Dalam sebulan terakhir, akun tersebut melakukan tweets yang terus-menerus menyuarakn kebaikan UU Cipta Kerja. Saat perdebatan soal vaksin COVID-19 yang dikritik oleh para ahli karena belum lolos uji klinis tahap ketiga, akun tersebut gencar mengkampanyekan hashtag #VaksinAman.

Para user anonim yang mengkampanyekan UU Cipta Kerja saling berinteraksi satu sama lain melalui fitur mention dan retweet. Mereka juga melakukan mention kepada tokoh-tokoh publik seperti @jokowi dan @airlangga_hrt untuk menyuarakan dukungannya terhadap UU Cipta Kerja.

Namun, berdasarkan temuan riset saya, tidak semua akun-akun anonim tersebut secara keseluruhan saling berinteraksi meskipun menyuarakan narasi yang sama. Tiap-tiap user tersebut tampak membangun jejaring sosialnya sendiri dengan user lain, sehingga membentuk beberapa klaster jaringan sosial tertentu.
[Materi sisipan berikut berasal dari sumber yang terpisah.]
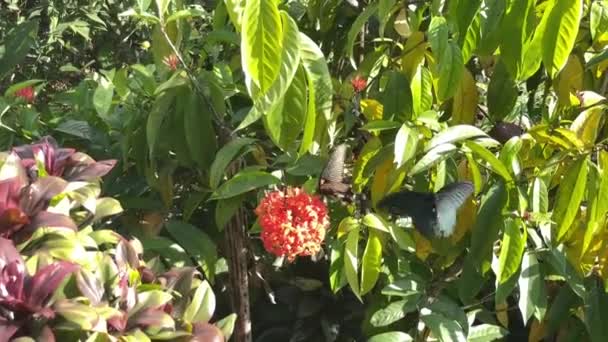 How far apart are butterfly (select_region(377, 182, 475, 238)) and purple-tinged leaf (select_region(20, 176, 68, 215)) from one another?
629 mm

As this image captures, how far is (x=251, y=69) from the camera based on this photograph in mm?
1219

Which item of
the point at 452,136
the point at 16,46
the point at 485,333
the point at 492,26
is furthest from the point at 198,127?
the point at 485,333

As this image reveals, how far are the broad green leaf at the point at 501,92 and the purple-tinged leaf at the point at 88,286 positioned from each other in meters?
1.05

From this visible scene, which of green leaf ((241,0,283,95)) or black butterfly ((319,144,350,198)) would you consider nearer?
green leaf ((241,0,283,95))

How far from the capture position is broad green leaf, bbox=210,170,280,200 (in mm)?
1869

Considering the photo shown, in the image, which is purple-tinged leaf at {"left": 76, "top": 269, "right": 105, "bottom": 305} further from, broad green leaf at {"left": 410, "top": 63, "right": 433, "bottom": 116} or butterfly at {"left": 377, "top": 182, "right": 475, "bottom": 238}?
broad green leaf at {"left": 410, "top": 63, "right": 433, "bottom": 116}

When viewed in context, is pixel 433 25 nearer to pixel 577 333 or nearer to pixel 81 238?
pixel 81 238

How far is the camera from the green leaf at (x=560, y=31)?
5.05 feet

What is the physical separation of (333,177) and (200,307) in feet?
1.50

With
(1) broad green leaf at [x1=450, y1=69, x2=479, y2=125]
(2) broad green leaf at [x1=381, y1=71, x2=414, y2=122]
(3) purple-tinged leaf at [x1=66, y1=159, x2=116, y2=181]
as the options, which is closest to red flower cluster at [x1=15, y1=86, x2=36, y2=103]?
(3) purple-tinged leaf at [x1=66, y1=159, x2=116, y2=181]

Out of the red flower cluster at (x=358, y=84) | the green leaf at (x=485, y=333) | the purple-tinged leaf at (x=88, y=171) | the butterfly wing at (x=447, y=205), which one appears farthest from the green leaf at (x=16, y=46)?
the green leaf at (x=485, y=333)

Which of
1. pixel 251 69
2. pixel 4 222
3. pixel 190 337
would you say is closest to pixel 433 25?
pixel 251 69

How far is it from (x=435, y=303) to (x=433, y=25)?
75cm

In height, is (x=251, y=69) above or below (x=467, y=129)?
above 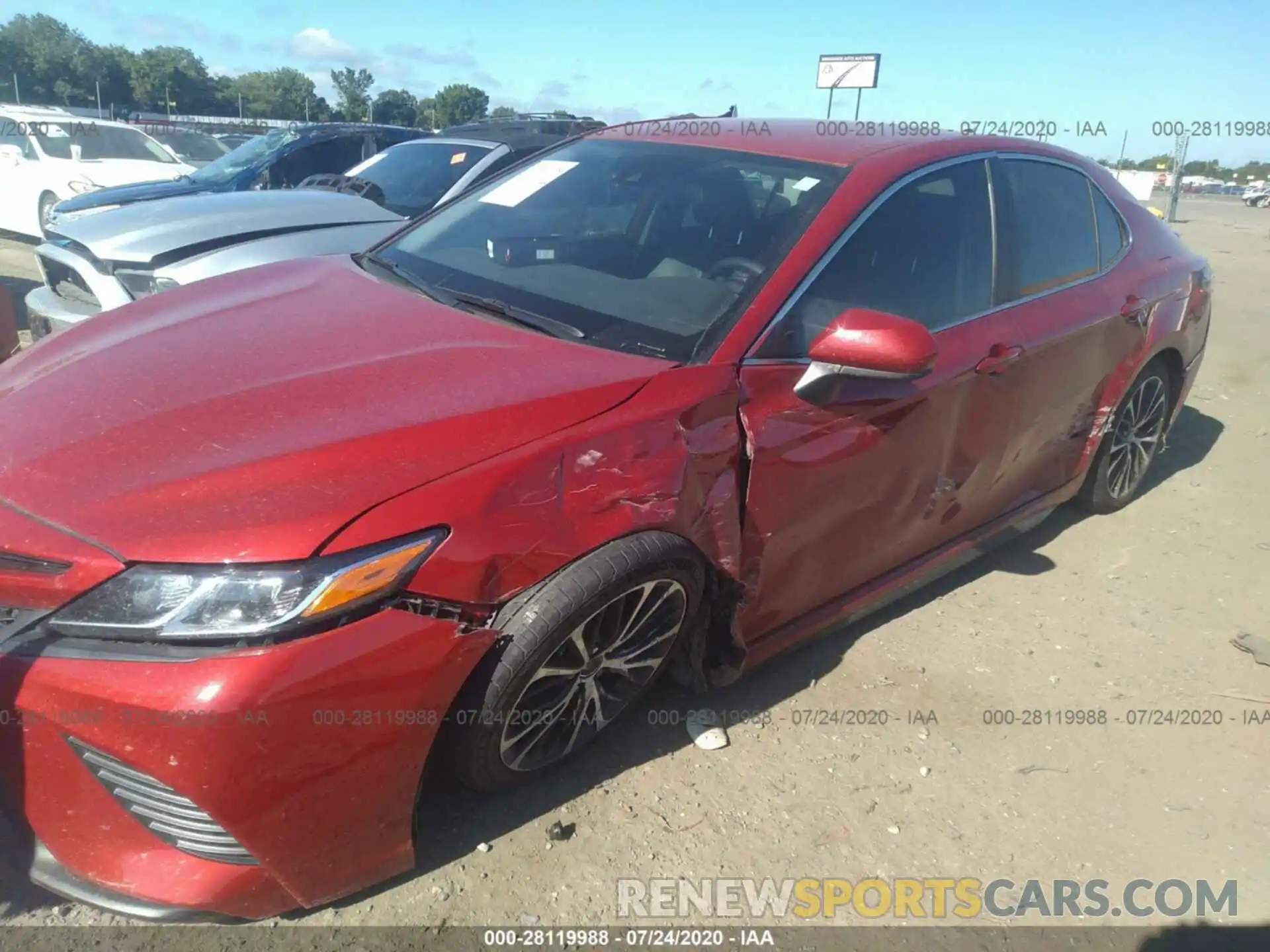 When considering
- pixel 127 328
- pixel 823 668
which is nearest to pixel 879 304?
pixel 823 668

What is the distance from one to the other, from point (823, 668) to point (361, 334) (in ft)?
6.07

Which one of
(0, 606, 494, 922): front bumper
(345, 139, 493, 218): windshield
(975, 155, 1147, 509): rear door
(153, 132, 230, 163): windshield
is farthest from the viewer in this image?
(153, 132, 230, 163): windshield

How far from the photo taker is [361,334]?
94.7 inches

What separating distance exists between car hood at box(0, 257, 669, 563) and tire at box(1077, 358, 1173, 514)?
2776 mm

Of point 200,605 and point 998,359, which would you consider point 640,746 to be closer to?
point 200,605

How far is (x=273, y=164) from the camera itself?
8664 mm

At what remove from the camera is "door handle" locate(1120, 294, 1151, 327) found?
3687 millimetres

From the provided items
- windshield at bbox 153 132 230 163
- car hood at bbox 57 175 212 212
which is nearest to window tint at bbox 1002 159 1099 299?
car hood at bbox 57 175 212 212

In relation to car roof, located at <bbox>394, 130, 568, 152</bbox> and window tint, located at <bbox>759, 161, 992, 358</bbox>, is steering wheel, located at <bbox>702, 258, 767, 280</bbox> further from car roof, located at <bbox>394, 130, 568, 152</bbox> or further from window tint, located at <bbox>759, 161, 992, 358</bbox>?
car roof, located at <bbox>394, 130, 568, 152</bbox>

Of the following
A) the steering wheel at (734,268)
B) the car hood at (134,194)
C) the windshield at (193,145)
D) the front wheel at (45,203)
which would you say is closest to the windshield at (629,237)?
the steering wheel at (734,268)

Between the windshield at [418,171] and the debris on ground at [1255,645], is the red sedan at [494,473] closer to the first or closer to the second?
the debris on ground at [1255,645]

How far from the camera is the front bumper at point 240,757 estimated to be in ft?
5.43

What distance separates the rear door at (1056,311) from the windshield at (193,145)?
15976mm

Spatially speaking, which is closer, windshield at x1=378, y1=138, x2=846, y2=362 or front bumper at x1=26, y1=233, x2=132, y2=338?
windshield at x1=378, y1=138, x2=846, y2=362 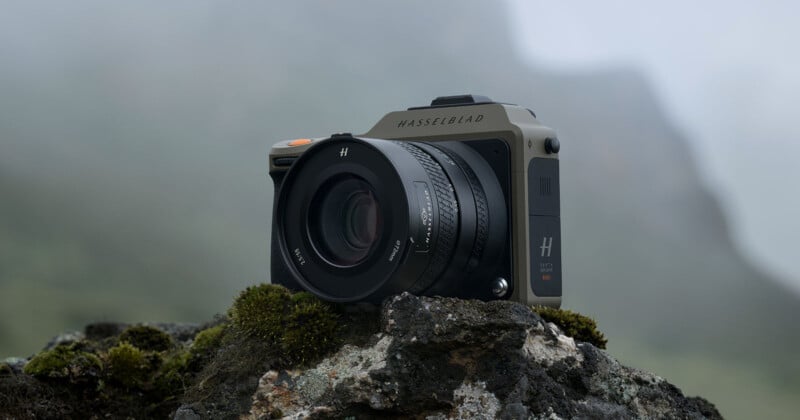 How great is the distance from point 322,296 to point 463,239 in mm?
762

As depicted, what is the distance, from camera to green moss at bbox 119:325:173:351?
8102mm

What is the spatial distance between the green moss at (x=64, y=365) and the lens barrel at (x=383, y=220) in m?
2.37

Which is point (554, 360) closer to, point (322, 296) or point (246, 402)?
point (322, 296)

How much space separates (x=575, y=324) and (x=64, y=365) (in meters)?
3.44

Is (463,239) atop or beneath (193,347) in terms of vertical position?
atop

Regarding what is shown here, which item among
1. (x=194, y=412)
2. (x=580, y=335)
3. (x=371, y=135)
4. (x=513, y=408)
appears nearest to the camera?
(x=513, y=408)

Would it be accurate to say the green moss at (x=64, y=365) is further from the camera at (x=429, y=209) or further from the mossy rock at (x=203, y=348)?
the camera at (x=429, y=209)

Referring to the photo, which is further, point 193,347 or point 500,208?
point 193,347

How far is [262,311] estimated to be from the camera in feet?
19.3

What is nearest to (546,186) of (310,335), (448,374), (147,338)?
(448,374)

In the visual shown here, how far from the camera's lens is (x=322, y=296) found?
5598 mm

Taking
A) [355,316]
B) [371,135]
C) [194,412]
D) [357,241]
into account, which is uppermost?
[371,135]

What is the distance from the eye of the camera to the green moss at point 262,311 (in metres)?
5.78

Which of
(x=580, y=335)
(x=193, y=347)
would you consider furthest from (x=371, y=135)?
(x=193, y=347) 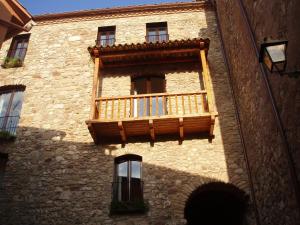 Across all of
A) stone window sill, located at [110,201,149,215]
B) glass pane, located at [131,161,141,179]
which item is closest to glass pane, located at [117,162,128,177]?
glass pane, located at [131,161,141,179]

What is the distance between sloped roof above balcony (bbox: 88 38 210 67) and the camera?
10.6m

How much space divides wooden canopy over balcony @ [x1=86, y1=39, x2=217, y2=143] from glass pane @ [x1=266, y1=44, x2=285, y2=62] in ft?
15.4

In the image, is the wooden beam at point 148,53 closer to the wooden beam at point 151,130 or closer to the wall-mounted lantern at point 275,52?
the wooden beam at point 151,130

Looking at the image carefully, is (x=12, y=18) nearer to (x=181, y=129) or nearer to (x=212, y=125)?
(x=181, y=129)

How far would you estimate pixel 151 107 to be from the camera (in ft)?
31.2

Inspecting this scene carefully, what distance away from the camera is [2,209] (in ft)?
29.5

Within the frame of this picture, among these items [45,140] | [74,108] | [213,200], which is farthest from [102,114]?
[213,200]

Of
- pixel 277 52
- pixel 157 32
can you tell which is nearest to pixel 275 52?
pixel 277 52

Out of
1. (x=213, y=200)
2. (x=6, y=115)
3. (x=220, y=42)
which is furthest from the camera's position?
(x=220, y=42)

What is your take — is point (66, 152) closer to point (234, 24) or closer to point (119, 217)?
Answer: point (119, 217)

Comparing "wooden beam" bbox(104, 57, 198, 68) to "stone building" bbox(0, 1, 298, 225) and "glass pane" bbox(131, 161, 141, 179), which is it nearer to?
"stone building" bbox(0, 1, 298, 225)

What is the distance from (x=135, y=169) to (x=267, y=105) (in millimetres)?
4412

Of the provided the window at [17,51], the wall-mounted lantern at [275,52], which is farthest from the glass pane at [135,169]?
the window at [17,51]

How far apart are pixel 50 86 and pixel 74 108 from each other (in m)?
1.46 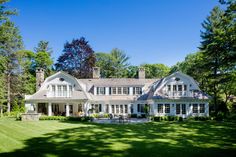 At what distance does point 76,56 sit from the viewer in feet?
173

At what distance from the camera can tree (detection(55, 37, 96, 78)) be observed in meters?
52.2

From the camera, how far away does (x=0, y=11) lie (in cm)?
2192

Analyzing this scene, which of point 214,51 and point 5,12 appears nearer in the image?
point 5,12

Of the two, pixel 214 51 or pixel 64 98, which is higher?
pixel 214 51

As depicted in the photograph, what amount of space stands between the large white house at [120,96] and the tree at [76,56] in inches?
564

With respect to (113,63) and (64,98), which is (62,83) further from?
(113,63)

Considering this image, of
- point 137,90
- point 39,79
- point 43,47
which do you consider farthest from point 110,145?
point 43,47

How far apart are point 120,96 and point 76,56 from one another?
20.2 metres

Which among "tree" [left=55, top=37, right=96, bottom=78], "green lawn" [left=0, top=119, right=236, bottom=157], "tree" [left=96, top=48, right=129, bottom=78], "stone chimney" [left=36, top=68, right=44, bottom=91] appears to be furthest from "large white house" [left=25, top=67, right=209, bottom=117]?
"tree" [left=96, top=48, right=129, bottom=78]

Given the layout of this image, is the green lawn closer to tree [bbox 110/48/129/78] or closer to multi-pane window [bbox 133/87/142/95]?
multi-pane window [bbox 133/87/142/95]

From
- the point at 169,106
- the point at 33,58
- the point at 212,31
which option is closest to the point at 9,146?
the point at 169,106

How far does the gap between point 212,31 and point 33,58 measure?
41.0 metres

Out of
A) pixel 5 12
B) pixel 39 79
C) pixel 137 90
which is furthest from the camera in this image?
pixel 39 79

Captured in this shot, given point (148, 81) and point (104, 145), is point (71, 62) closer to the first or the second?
point (148, 81) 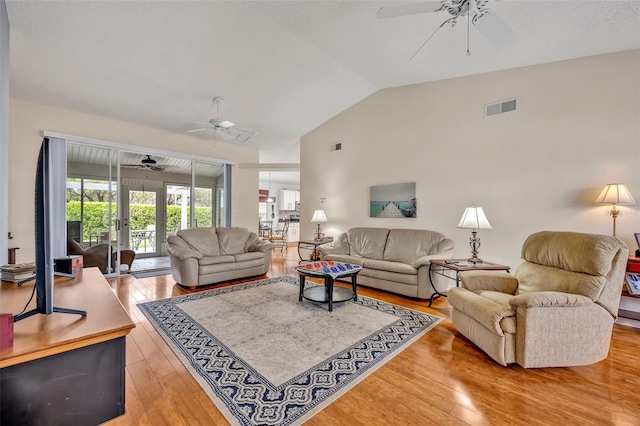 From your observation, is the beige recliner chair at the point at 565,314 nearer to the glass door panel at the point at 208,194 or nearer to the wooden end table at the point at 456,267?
the wooden end table at the point at 456,267

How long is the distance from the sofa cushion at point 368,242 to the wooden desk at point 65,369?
13.7 ft

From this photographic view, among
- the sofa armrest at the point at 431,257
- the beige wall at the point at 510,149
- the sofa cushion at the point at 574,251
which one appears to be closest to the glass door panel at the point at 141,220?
the beige wall at the point at 510,149

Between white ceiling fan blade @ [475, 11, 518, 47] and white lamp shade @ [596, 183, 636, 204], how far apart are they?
206 centimetres

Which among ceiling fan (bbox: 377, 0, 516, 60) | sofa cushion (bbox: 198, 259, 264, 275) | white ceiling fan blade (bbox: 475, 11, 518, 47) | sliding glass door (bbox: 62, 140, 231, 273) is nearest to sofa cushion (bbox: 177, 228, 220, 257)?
sofa cushion (bbox: 198, 259, 264, 275)

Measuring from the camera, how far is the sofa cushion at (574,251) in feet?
7.25

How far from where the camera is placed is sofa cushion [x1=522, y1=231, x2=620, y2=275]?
2.21m

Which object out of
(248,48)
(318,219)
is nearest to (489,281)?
(318,219)

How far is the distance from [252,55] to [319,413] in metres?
4.18

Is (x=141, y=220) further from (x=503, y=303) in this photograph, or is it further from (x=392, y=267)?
(x=503, y=303)

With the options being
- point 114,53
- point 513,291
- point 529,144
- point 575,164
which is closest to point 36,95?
point 114,53

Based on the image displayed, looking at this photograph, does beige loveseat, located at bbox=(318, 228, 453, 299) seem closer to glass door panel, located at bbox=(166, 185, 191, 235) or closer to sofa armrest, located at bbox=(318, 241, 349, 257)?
sofa armrest, located at bbox=(318, 241, 349, 257)

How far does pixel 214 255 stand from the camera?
192 inches

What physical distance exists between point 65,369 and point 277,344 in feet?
5.61

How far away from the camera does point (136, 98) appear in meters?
4.43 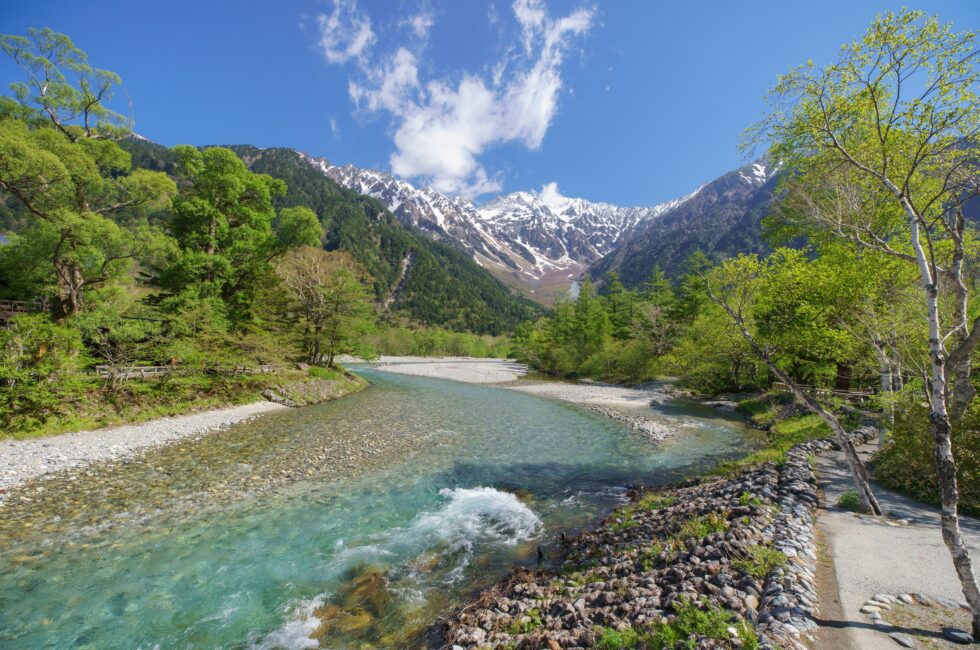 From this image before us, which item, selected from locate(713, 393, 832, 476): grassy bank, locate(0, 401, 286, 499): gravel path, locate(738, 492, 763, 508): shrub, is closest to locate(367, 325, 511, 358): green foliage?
locate(0, 401, 286, 499): gravel path

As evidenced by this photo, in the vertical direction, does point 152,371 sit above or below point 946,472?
below

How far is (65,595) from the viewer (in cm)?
641

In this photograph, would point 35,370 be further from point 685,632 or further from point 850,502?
point 850,502

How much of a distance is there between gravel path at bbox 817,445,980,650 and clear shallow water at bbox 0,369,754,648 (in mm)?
5063

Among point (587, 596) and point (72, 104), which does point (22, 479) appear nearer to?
point (587, 596)

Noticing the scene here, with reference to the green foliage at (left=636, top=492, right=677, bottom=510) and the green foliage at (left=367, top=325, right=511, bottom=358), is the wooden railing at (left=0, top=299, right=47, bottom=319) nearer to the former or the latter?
the green foliage at (left=636, top=492, right=677, bottom=510)

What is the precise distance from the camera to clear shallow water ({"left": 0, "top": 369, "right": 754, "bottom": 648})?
6043mm

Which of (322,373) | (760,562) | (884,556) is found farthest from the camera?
(322,373)

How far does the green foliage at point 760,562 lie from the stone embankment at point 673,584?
0.6 inches

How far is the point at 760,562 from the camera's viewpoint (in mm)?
5770

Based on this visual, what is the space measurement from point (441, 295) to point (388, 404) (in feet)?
564

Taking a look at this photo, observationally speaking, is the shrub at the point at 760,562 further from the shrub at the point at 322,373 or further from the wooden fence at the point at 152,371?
the shrub at the point at 322,373

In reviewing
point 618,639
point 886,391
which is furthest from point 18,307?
point 886,391

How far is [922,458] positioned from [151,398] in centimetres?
2814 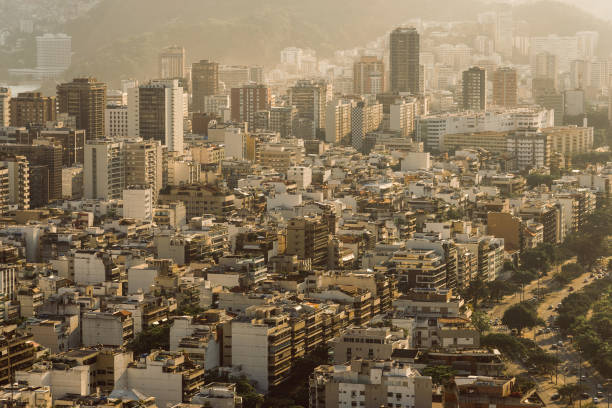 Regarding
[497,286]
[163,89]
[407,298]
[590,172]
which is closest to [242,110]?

Perwujudan jaringan sosial tersebut dapat dilihat pada gambar di bawah ini: 

User Network Pendukung UU Cipta Kerja
User Network Pendukung UU Cipta Kerja (Katadata | Istimewa (Grady Nagara)

Pada gambar di atas tampak @malvaselena berjejaring dengan user lain yang jika kita periksa, adalah akun anonim serupa. Pada sisi lain, user @willona_007 sebagai akun kedua yang gencar mengkampanyekan kebaikan UU Cipta Kerja setelah @malvaselena, justru membentuk jejaringnya sendiri dengan user lain. Temuan tersebut membawa pada dua dugaan.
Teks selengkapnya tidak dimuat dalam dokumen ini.